Records for processing:
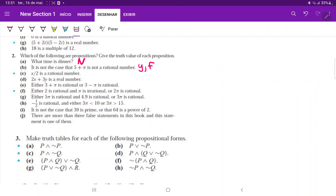Part c: 'x over two is a rational number.' This is a little tricky, but it is not a proposition because the truth value depends on what we plug in for x. If we plug in one, it's true; if we plug in e, it's false. Since we can't determine the truth value, this is not a proposition.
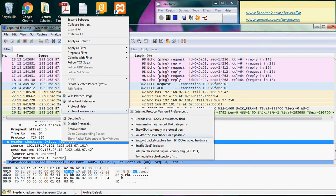To support packet capture from IP TSO, enable hardware offloading. I have my 'enable GeoIP lookup' turned on, but it is not actually configured — that's why I do not see the source and destination GeoIP. If you have GeoIP configured and enable GeoIP lookup, you may be able to identify the location of the source and destination of the captured packet.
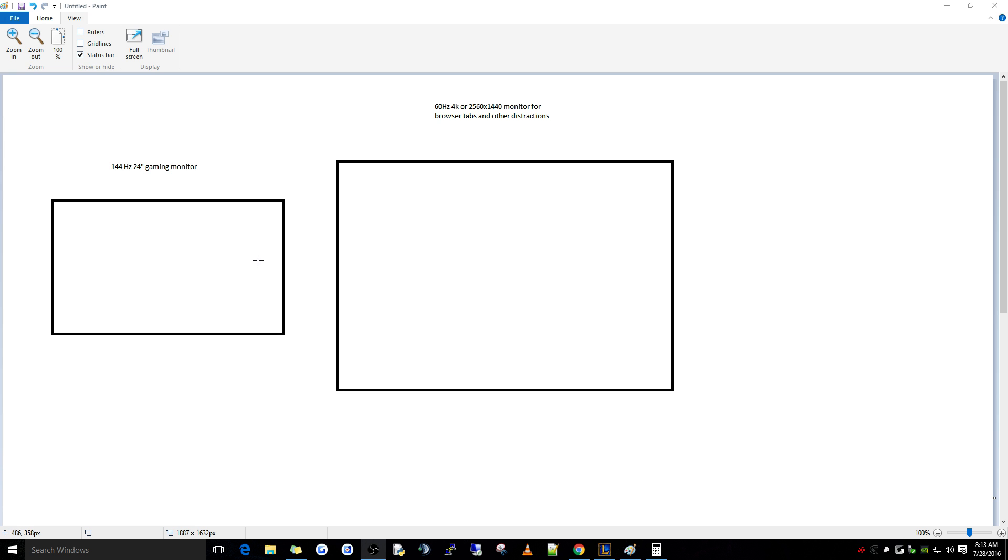even League of Legends. The comfortable setup is to have a dual monitor on the side for viewing your browser tabs, or distracting yourself with Netflix and Twitch TV.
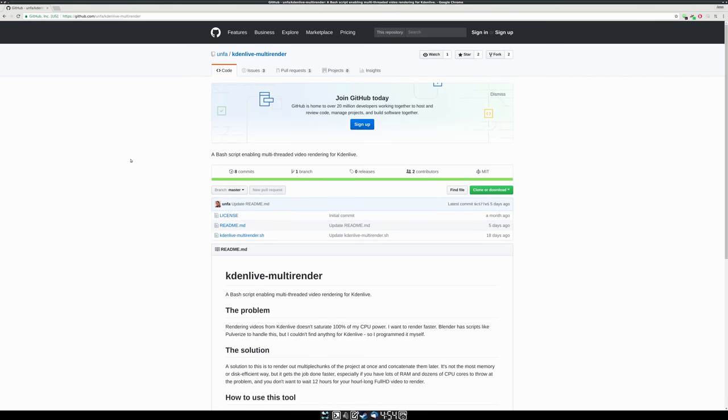Hey, beautiful party people. Like most of you, I would like to take advantage of all the cores, all the threads on my system when rendering with KDN Live.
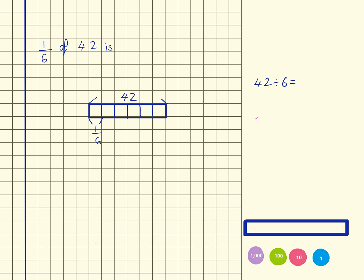So I've got 6, 12, 18, 24, 30, 36, 42. And I'm going to stop there because I've actually got to 42.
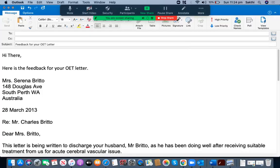Hello everyone, good evening. I'm Steve from UCAN English Tutoring, one of the pioneered institutions located in Sydney, Australia. In today's video, I'm going to assess one of the letters I have received from a pharmacist. Let's go through the letter now.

What to work on:
Reproduce nothing but the lines running from the line with "So I've got" through the end of the records, keeping both end lines and dropping the pictures.

Exercise answer:
So I've got 6, 12, 18, 24, 30, 36, 42. And I'm going to stop there because I've actually got to 42.
Hello everyone, good evening. I'm Steve from UCAN English Tutoring, one of the pioneered institutions located in Sydney, Australia. In today's video, I'm going to assess one of the letters I have received from a pharmacist. Let's go through the letter now.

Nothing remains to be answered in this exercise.